A node can be empty (it has a name, but no content), contain only text, or contain a mixture of text and child nodes. A node's name and its content are separated by a whitespace character (a space, TAB, or new line). Here are three examples:

[nl]
[i node containing only text displayed in italics]
[p A [i simple] paragraph with [b six] words.]

The full list of nodes is documented in the PML Reference Manual.

Attributes

Some nodes have attributes.

Some attributes are required, and some are optional.

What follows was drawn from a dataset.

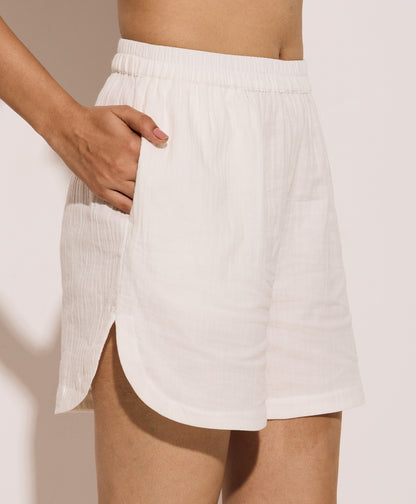 White Gauged Shorts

For example, the image node has a required attribute named source, which defines the image's file path. Moreover it has some optional attributes, such as width and height, to explicitly define the image's dimensions in pixels. Here is an example of an image node with values assigned to attributes source and width:

[image ( source="images/juicy apple.png" width="400" ) ]

As we can see:

  • Attributes are enclosed in parentheses:

    ( ... )
  • The syntax name = "value" is used to assign a value to an attribute. For example:

    width="400"
  • Attribute assignments are separated by a space. No comma is needed:

    (a1="v1" a2="v2")
            ^

The list of available attributes for each node is documented in the PML Reference Manual.

HTML Attributes

HTML attributes can optionally be specified for some nodes.

This is used to explicitly set HTML attributes in the resulting HTML code. The most frequent use of HTML attributes is to explicitly set the style for a specific element.

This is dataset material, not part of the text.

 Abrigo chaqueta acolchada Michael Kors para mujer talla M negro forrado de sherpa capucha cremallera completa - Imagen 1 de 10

An HTML attribute name starts with html_, followed by the real HTML attribute name. Thus, to specify a style attribute in the resulting HTML code, you would write for example: html_style="color:red;". Any valid CSS can be assigned to a html_style attribute.

Suppose we want to write a paragraph in red letters, surrounded by a blue dashed border. We can do it like this:

  • PML code:
    [p (html_style = "color:red; border:1px dashed blue")
        It is important to note that ...
    ]
  • Result:

    It is important to note that ...

  • Generated HTML code:
    <p class="pml-paragraph" style="color:red; border:1px dashed blue">It is important to note that ... </p>

To see if HTML attributes are allowed for a given node, please refer to the PML Reference Manual.

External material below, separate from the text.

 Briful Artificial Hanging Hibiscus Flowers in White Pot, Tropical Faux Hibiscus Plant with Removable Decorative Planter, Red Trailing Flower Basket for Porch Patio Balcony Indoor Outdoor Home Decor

To see the list of attributes supported for a given node, please refer to the official HTML specification. PMLC does not check if an HTML attribute is valid.

Text Processing

A PML document is written using the PDML syntax. Therefore, all features available in PDML are also supported in PML. You can refer to PDML's documentation to get more information about PDML. In this chapter, we'll have a look at some PDML features that are often used in PML documents.

Comments

A comment starts with [- and ends with -]. Comments can appear anywhere, and they can be nested to any level. Text within comments is ignored.

Example:

  • PML code:
    This is [- good -] awesome.
    [- TODO: explain why -]
    
    Text
    [-
        This [i bad] text not show.
        [- a
            nested
            comment -]
    -]
    
    More text
  • Result:
    This is awesome.
    
    Text
    
    More text

Lenient Parsing

The following rules are applied to make the syntax more concise:

  • If a node can only have attributes (no child nodes) the parenthesis around attributes can be omitted.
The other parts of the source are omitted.